Semiconductor Engineering sat down to discuss AI and its move to the edge with Steven Woo, vice president of enterprise solutions technology and distinguished inventor at Rambus; Kris Ardis, executive director at Maxim Integrated; Steve Roddy, vice president of Arm’s Products Learning Group; and Vinay Mehta, inference technical marketing manager at Flex Logix. What follows are excerpts of that conversation. To view part one, click here.
SE: Ideally you want to design hardware, software, and algorithms together to maximize efficiency, but if your design is highly specific you’re also closing it off to changes to algorithms or neural networks. How do you account for that?
Ardis: Do you mean a change in the updates to the models and things like that? If I’ve got what I think is the world’s best cat identifier, next month the cat identifier 1.1 comes out?
SE: But some of these devices are going to be in the market for a years, at which point many of these systems will be completely outdated. How do you update it if you designed it that tightly?
Ardis: This goes back to the classical problem of an embedded microcontroller at the edge, whether or not it has a CNN accelerator. It’s a reprogramming. You start to get into things like, how do you securely validate that the new weights, rather than the new executable coming over the air, are appropriate. Do they come from a trusted source? A lot of good security knowledge exists to do things like that. But I also have seen through the years that when you’re running to chase the technology, you sometimes forget about the security side of things. The danger is you have people rushing to update models and not building in the proper security infrastructures to help you go to ‘Cat 1.1’ or ‘Cat 1.2.’ The over-the-air part is relatively solved. It is more about people actually implementing it.
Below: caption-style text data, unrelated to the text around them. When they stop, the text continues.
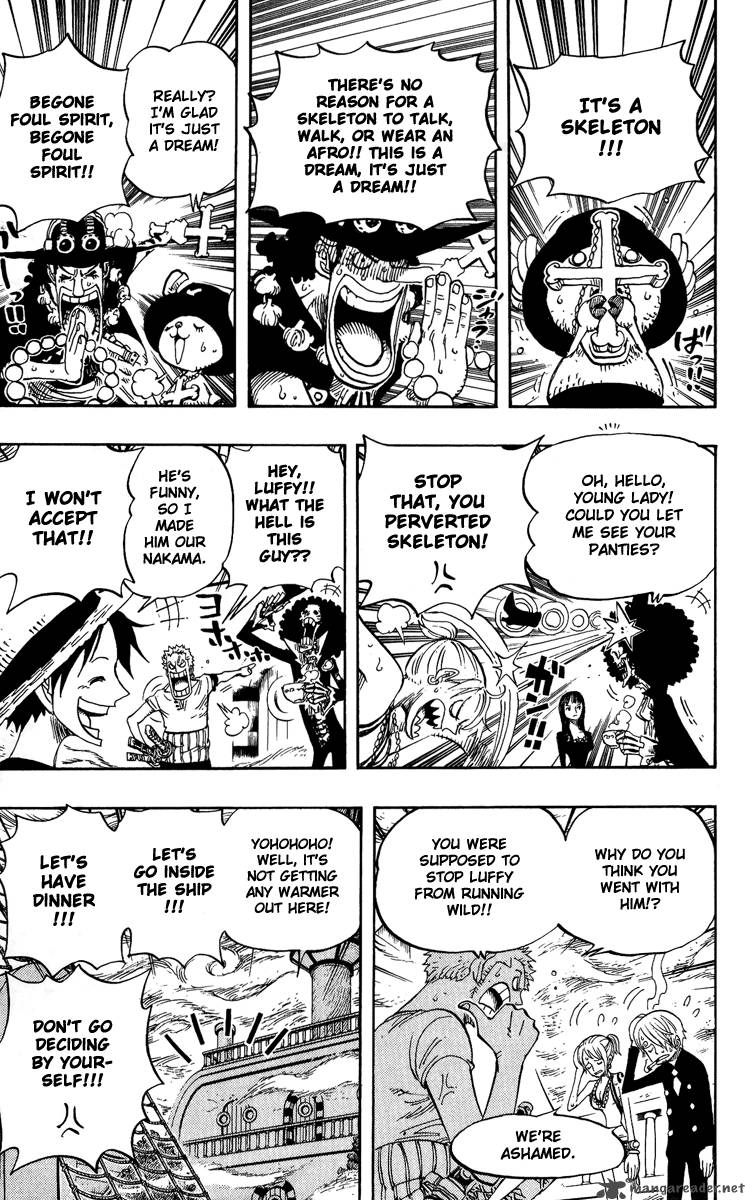 One Piece Chapter 443 — page 3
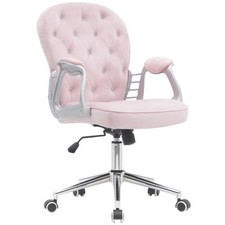 Sedia da Ufficio in Velluto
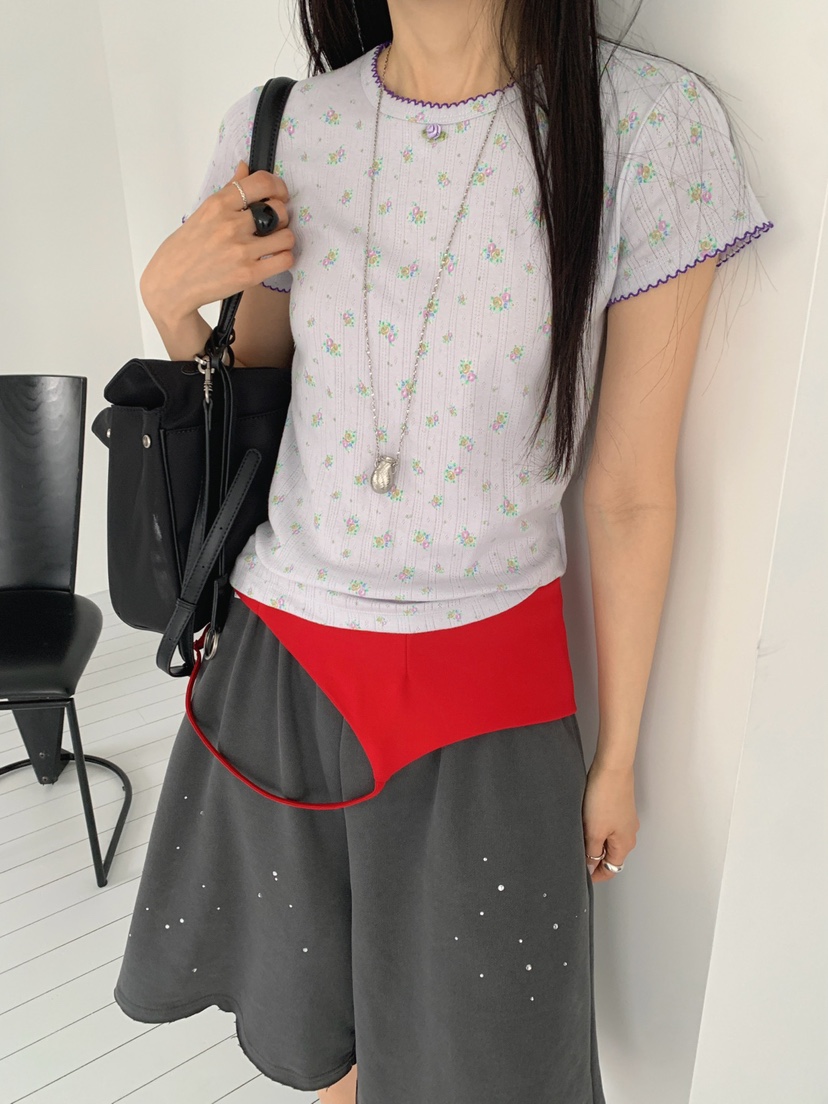 JKICHI韓國直郵女士新品熱賣推薦人氣時尚26春夏套裝孔眼JKICHI套裝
Roddy: From a silicon standpoint, people will architect very scalable, flexible systems. A variety of specialized architectures are available for accelerating neural nets, but those are always paired with one or more different programmable elements. In more complex systems, you’ll have CPUs, GPUs, and some sort of dedicated NPU. Or in an embedded system, it will be, say, an M class microcontroller and a dedicated, maybe even specialized, neural network accelerator. You have that flexibility to reprogram or support a new operator or slightly new topology. Even if your accelerator can’t handle the new layer type, you fall back to the processing element that’s right next to it. And that tends to be the flexibility built in. As long as ‘Cat 1.2’ is roughly similar in approach to ‘Cat 1.0,’ you’re fine. As long as the math underlying it doesn’t radically change in that 5- or 10-year period, you’ll have some resiliency in the system.
Ardis: That’s a good point. How much foresight did the designer put into how much capacity will be needed in the future? That applies to memory storage, neural network acceleration, and whether you need a temperature sensor to make sure it’s a live cat. So there’s foresight required. What do you think you need to do in the future?
Roddy: It may have a network where you have highly optimized it. You do 4-bit weights at 8-bit activations, you’ve got an idiosyncratic specialty accelerator. It may be sitting next to a CPU, like an Arm M class CPU. So just in case a new 16-bit precision operator comes along, that is what you need for those ‘live cat/dead cat’ delta. You’ve got that flexibility built into the platform.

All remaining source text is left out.